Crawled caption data
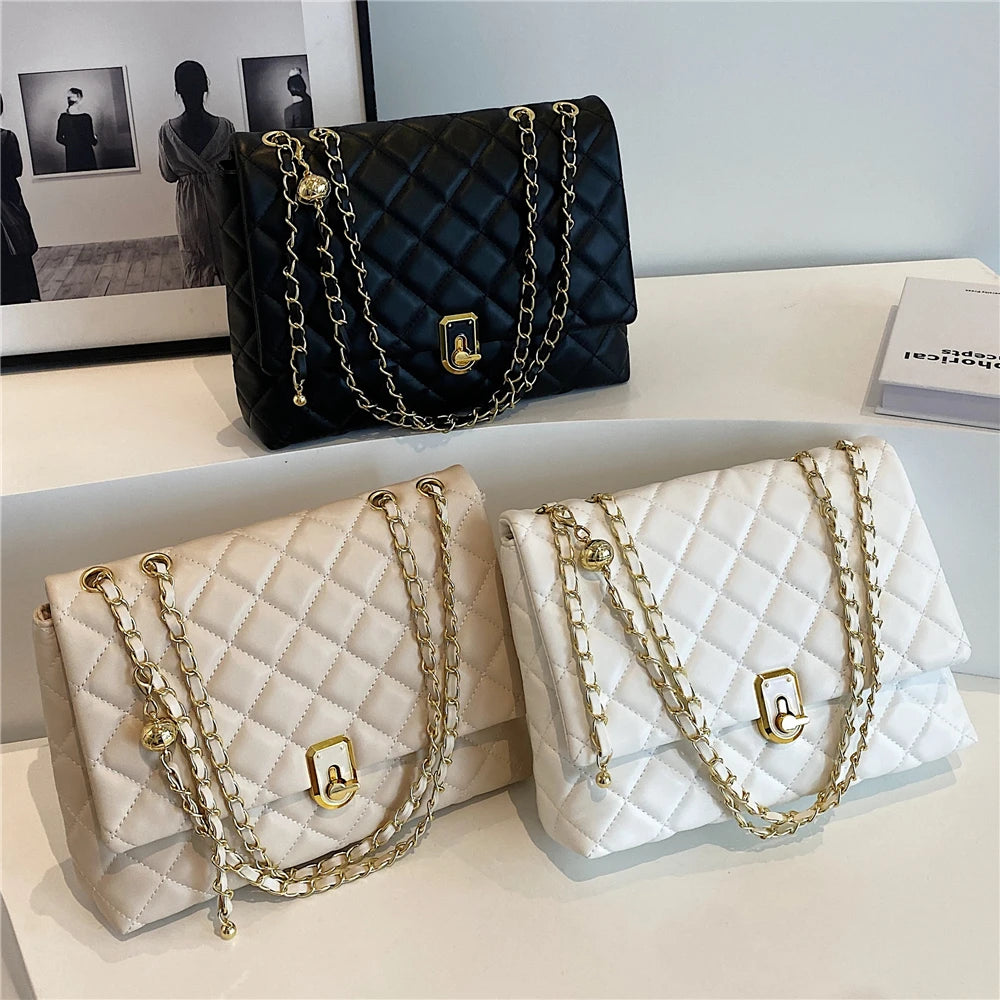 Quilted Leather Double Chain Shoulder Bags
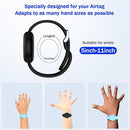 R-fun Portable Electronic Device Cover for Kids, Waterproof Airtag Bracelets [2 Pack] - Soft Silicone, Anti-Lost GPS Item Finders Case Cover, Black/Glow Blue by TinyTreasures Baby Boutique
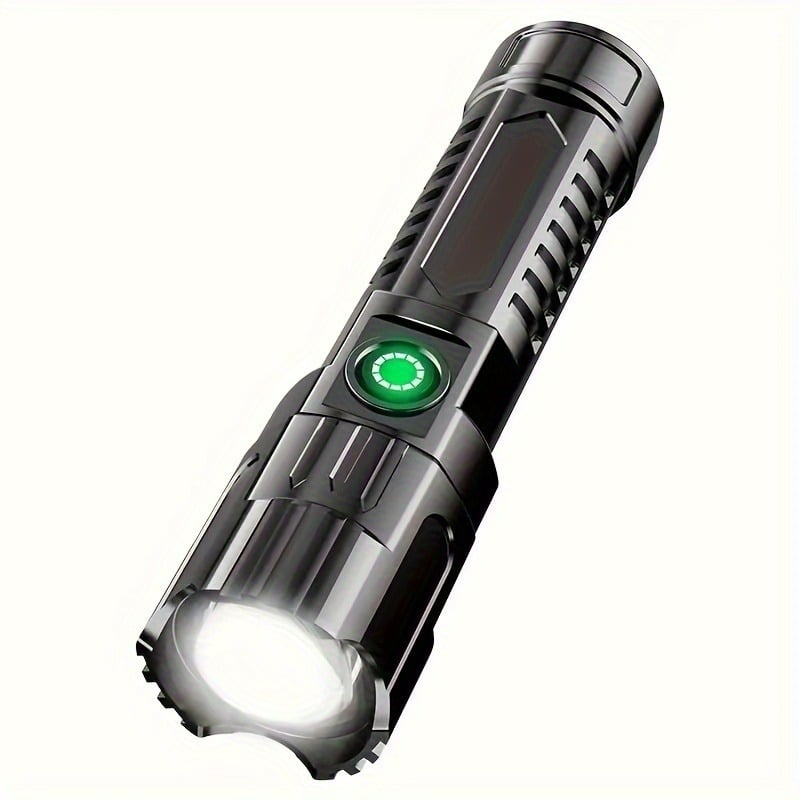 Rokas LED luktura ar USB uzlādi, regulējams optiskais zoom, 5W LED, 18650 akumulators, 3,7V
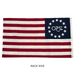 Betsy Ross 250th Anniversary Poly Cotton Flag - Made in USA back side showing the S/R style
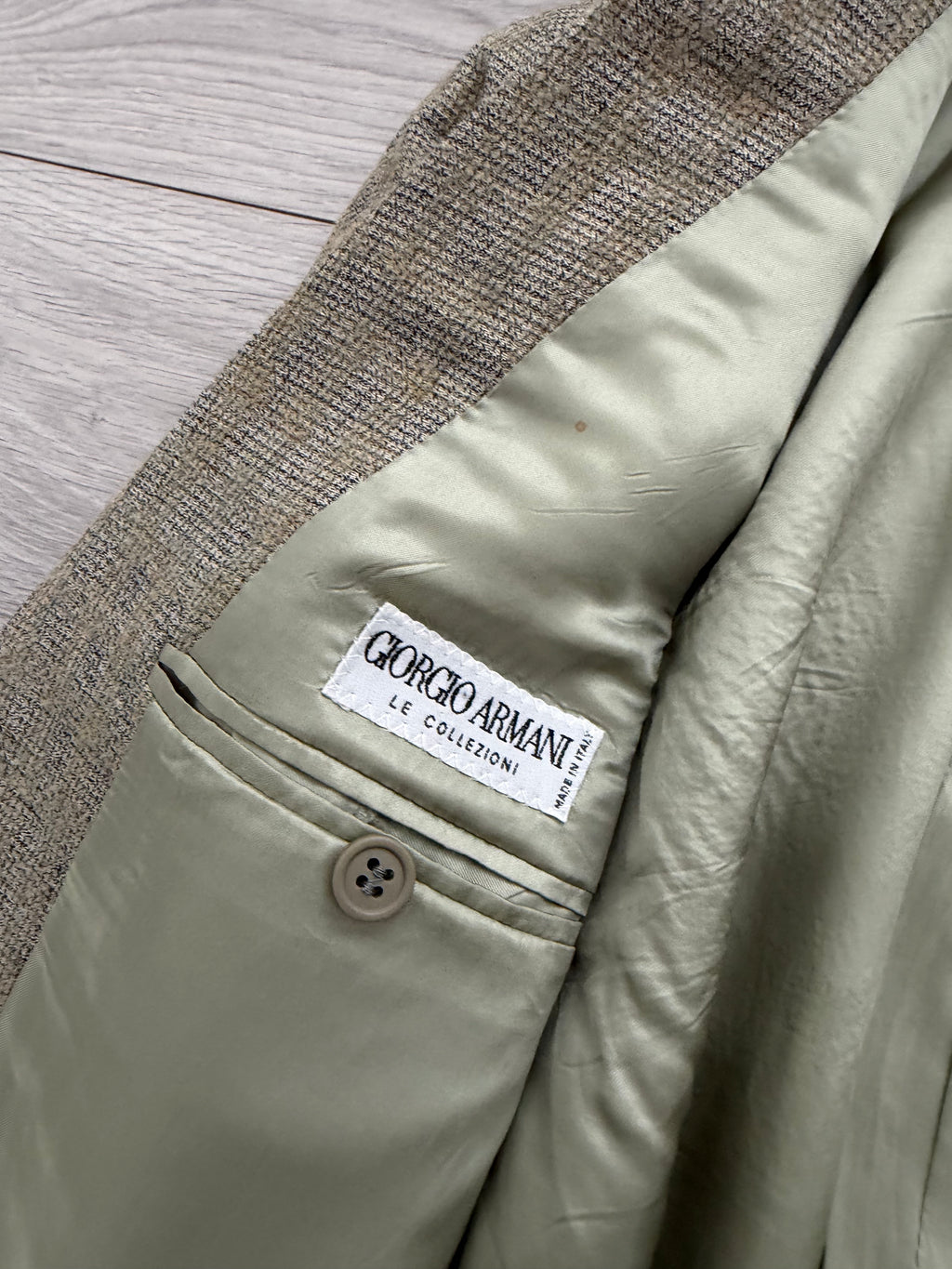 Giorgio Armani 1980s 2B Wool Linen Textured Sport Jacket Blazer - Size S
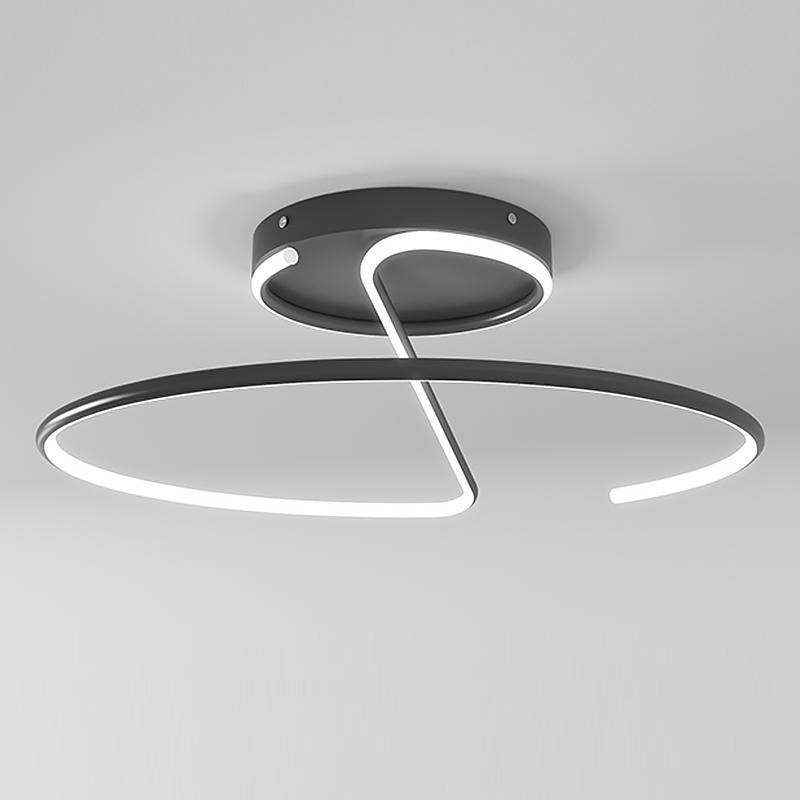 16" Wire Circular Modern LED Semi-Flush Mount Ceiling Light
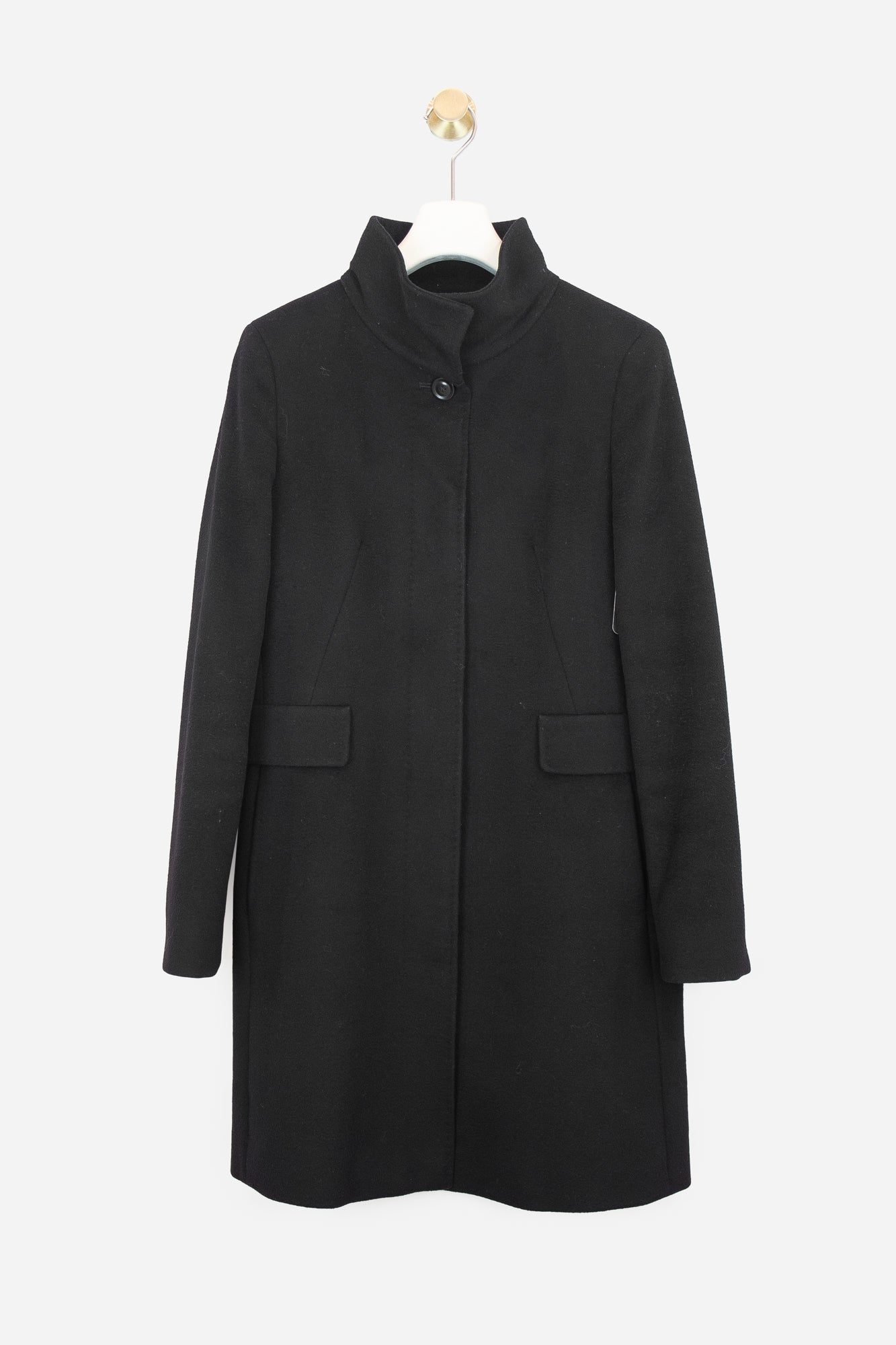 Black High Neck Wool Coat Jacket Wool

• [What needs to be done]
With the pictures excluded, retype the records above verbatim.

• [Answer below]
 Quilted Leather Double Chain Shoulder Bags
 R-fun Portable Electronic Device Cover for Kids, Waterproof Airtag Bracelets [2 Pack] - Soft Silicone, Anti-Lost GPS Item Finders Case Cover, Black/Glow Blue by TinyTreasures Baby Boutique
 Rokas LED luktura ar USB uzlādi, regulējams optiskais zoom, 5W LED, 18650 akumulators, 3,7V
 Betsy Ross 250th Anniversary Poly Cotton Flag - Made in USA back side showing the S/R style
 Giorgio Armani 1980s 2B Wool Linen Textured Sport Jacket Blazer - Size S
 16" Wire Circular Modern LED Semi-Flush Mount Ceiling Light
 Black High Neck Wool Coat Jacket Wool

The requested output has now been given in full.